Tel est le sens qu'avait exclusivement ce verbe ; il l'a conservé, d'ailleurs, bien qu'à côté de ce sens exact il ait pris, à l'usage, un sens péjoratif.

Généralement, quand il a pour complément direct un objet inerte, comme un terrain, une mine, un outillage, exploiter signifie simplement mettre en valeur. Quand le complément direct est humain, individu ou collectivité, le mot exploiter prend un sens péjoratif et signifie exploiter parasitairement.

De même, et toujours conformément à l'usage, quand on dit de quelqu'un qu'il est l'exploitant de ceci ou de cela, ce mot garde un sens bénin, tandis que le mot exploiteur a toujours un sens malin.

C'est en prenant le mot dans son sens le plus défavorable, le plus honni, que nous nous sommes posé cette question : qu'est-ce qu'un exploiteur?

Et nous avons trouvé cette réponse :

C'est l'homme qui tire profit du travail d'un autre homme AU PRÉJUDICE DE CELUI-CI.

On peut aussi formuler ainsi la réponse :

C'est l'homme qui profite ABUSIVEMENT du travail d'un autre homme.

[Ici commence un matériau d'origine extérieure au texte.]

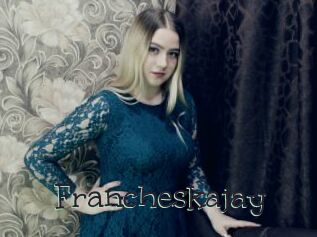Francheskajay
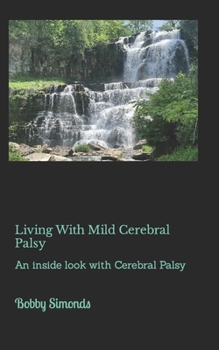 Paperback Living With Mild Cerebral Palsy: A Biography with Cerebral Palsy Book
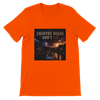 Country Roads Don't Ask - Unisex T-Shirt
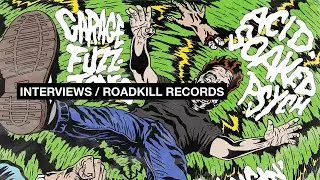INTERVIEWS / ROADKILL RECORDS / S1 E1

Nous avons souligné au préjudice et abusivement, car on peut profiter légitimement du travail d'un autre homme.

Enfin, n'oublions pas que le mot travail, dans chacune des deux réponses, peut être remplacé par bien d'autres mots comme, par exemple, ignorance, sottise, enfin tout ce qui place un des deux contractants en état d'infériorité.

Mais, pour que dans le profit tiré du travail d'un autre il y ait exploitation, encore faut-il qu'il y ait abus, duperie ou préjudice.

Exemple : dix sauvages habitent une caverne. Ils se protègent, la nuit, en roulant à l'entrée de leur caverne une pierre fort lourde.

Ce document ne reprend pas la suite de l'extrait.